There were plenty of complaints inside the hall anyway, especially from less-developed countries. The group of 20 developing nations, led by Brazil and India, held its first formal meeting at a morning session. In a ministerial declaration, the group, which is constructed around agriculture, stated something that was repeated many times throughout the day by different representatives: “We must move in agriculture for other areas to move.”
Referring to cotton — which the U.S. has acknowledged is a key area for compromise — the declaration emphasized that the struggle of “African cotton-producing countries and other producers in the developing world is evidence of the distortions in agriculture that we are committed to eliminate.”
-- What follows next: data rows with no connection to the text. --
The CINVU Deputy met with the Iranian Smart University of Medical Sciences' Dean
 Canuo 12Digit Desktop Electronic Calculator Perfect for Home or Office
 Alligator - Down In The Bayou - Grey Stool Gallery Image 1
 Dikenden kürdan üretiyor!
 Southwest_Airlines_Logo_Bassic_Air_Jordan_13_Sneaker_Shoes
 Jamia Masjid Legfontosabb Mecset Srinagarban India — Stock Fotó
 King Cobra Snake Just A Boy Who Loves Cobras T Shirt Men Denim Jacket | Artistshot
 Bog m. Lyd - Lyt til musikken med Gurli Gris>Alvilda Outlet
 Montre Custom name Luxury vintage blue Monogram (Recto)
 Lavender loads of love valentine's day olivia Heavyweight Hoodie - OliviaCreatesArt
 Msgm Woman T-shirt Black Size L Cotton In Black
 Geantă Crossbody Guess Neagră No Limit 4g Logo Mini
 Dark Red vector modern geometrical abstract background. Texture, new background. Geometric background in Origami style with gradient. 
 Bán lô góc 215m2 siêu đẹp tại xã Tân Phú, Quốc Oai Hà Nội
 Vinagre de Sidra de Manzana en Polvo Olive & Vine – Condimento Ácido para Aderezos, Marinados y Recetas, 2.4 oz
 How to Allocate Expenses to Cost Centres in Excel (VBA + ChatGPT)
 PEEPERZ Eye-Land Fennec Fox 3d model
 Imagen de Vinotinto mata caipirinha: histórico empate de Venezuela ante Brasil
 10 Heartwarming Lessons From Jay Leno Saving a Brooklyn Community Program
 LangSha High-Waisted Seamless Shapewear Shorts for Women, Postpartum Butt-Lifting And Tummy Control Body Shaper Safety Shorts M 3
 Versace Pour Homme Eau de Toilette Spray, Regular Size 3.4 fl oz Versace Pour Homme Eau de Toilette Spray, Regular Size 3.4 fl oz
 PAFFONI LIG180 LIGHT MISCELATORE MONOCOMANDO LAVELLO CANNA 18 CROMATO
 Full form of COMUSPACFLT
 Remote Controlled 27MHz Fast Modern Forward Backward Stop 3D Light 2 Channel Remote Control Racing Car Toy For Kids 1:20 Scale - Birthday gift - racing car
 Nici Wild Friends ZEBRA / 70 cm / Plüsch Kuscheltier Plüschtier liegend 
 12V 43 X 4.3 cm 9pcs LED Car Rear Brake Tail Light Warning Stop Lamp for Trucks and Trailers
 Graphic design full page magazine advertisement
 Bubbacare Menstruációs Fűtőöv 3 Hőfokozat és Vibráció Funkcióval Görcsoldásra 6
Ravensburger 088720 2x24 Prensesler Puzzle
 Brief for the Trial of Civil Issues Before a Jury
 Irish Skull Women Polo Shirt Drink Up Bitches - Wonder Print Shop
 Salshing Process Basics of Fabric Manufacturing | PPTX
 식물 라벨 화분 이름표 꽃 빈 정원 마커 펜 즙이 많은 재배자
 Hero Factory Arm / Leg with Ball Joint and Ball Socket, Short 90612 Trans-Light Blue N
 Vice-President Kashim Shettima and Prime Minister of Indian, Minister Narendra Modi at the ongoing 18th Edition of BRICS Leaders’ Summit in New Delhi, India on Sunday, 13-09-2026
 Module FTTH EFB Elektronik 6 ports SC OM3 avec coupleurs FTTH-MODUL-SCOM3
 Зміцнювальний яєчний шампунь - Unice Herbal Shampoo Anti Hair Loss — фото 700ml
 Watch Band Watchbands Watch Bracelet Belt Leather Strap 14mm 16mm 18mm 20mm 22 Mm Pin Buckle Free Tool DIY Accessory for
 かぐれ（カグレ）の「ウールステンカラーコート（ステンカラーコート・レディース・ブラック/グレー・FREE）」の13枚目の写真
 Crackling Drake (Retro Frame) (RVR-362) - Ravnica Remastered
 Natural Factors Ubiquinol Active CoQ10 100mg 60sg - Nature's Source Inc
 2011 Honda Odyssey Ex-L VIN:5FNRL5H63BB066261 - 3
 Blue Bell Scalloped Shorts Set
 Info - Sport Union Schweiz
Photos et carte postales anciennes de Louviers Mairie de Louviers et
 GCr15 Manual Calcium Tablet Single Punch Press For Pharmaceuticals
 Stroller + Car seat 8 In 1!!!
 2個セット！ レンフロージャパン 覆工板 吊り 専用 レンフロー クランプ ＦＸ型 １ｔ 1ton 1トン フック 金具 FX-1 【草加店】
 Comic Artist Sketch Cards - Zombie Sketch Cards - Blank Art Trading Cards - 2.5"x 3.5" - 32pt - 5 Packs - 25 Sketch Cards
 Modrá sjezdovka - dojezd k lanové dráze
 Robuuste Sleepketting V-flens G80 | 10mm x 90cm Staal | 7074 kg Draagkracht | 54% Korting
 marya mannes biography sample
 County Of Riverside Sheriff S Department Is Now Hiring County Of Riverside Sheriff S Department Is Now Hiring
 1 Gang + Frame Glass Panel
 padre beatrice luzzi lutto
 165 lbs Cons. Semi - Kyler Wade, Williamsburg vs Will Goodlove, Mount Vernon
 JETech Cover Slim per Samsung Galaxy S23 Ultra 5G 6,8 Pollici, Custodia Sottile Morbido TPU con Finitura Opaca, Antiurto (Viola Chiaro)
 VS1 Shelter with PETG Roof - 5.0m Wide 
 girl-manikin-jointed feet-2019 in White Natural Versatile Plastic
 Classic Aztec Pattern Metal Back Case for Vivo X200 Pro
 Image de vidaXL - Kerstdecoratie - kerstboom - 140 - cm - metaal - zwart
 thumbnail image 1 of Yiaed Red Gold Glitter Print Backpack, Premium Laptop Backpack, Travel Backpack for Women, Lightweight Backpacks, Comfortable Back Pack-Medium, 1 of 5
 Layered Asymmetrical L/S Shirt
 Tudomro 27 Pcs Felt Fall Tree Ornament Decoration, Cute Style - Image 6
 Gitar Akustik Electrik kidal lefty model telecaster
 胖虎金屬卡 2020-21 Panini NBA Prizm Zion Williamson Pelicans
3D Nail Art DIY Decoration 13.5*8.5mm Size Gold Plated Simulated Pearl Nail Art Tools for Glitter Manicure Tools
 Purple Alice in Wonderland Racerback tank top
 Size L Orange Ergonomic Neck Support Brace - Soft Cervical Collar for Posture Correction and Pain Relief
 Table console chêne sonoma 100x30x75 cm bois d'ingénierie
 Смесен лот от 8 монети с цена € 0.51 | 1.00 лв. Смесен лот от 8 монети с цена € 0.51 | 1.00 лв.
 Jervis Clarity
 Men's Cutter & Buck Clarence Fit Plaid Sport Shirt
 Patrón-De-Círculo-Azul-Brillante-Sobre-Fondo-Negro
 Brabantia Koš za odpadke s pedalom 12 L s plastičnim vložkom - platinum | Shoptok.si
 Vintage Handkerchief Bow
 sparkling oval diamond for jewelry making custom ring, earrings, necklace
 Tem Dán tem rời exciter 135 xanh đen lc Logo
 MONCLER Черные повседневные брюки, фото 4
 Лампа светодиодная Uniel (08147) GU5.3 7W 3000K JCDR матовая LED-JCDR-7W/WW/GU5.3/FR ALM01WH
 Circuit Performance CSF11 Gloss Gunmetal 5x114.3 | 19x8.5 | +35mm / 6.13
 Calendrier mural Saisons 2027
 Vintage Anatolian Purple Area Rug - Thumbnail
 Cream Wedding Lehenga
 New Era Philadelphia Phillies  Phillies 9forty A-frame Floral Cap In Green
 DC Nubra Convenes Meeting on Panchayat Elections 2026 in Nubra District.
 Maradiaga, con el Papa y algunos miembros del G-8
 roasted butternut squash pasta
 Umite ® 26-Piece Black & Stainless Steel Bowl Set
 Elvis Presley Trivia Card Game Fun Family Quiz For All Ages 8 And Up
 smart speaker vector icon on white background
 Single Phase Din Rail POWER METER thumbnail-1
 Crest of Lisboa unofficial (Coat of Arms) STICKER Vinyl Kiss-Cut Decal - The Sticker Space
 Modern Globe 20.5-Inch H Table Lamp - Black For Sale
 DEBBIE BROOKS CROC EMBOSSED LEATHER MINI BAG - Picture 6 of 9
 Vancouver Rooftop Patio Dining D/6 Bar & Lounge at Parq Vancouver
A representative from Brazil said later that the G20 supports the demands of the C4 —- made up of the African cotton-producing nations of Benin, Mali, Burkina Faso and Chad — but the U.S. has to deliver. They are demanding that wealthy countries do away with export subsidies on cotton by the end of this year.
The National Retail Federation and EuroCommerce submitted a joint statement in which they reiterated their support for better market access for consumer goods, including apparel, textiles, footwear and cotton, as well as better market access outside their home markets.
The groups also want to see changes in trade remedy laws that use antidumping and safeguards, which they say are strongly influenced by politics and protectionists.
“We need mass income all over Europe, but protectionism is not the right way to have a strong and vigorous industry,” said Peter Bernert, president of EuroCommerce. “Protectionism will harm the traders, harm the consumers.”
Erik Autor, vice president and international trade counsel for the NRF, said he was concerned with a trend that abuses the use of antidumping laws with little protection for consumers.
He said people are hard-pressed to find a single member of the U.S. Congress able to give a cogent definition of antidumping, although the lawmakers defend it. “These laws are in desperate need of reform,” he said. Ultimately, the result of trade protectionism is that consumers end up paying more for products, said Autor and Bernert.
In the U.S., 7 percent of all trade is related to apparel, textiles and footwear, Autor said, adding those three categories account for half of all duties collected by U.S. Customs. “Tariffs are essentially hidden sales taxes,” he said.
And those costs fall most heavily on poor families because tariffs are primarily applied on cheaper products that are produced in poor countries, such as Vietnam and Bangladesh, he added. “We have a great opportunity here to address a whole range of issues” that will benefit industries, consumers and global economies, Autor said.
The first informal meeting with a negotiation facilitator took place in the afternoon after the opening ceremony. The topic was market access for industrial goods, and it was moderated by Humayun Akhtar Khan, Pakistan’s Minister of Commerce. Khan encouraged members to not restate well-known positions at the large meetings. He suggested concentrating negotiations within small group meetings or conducting consultations with individual delegations and himself. “If we don’t make progress this week, we leave ourselves a monumental task next year,” he said.
Negotiators hope to wrap up the trade round by the end of next year, enabling President Bush to send an agreement to the U.S. Congress before his trade promotion authority, which permits an up or down vote on trade agreements, expires July 1, 2007.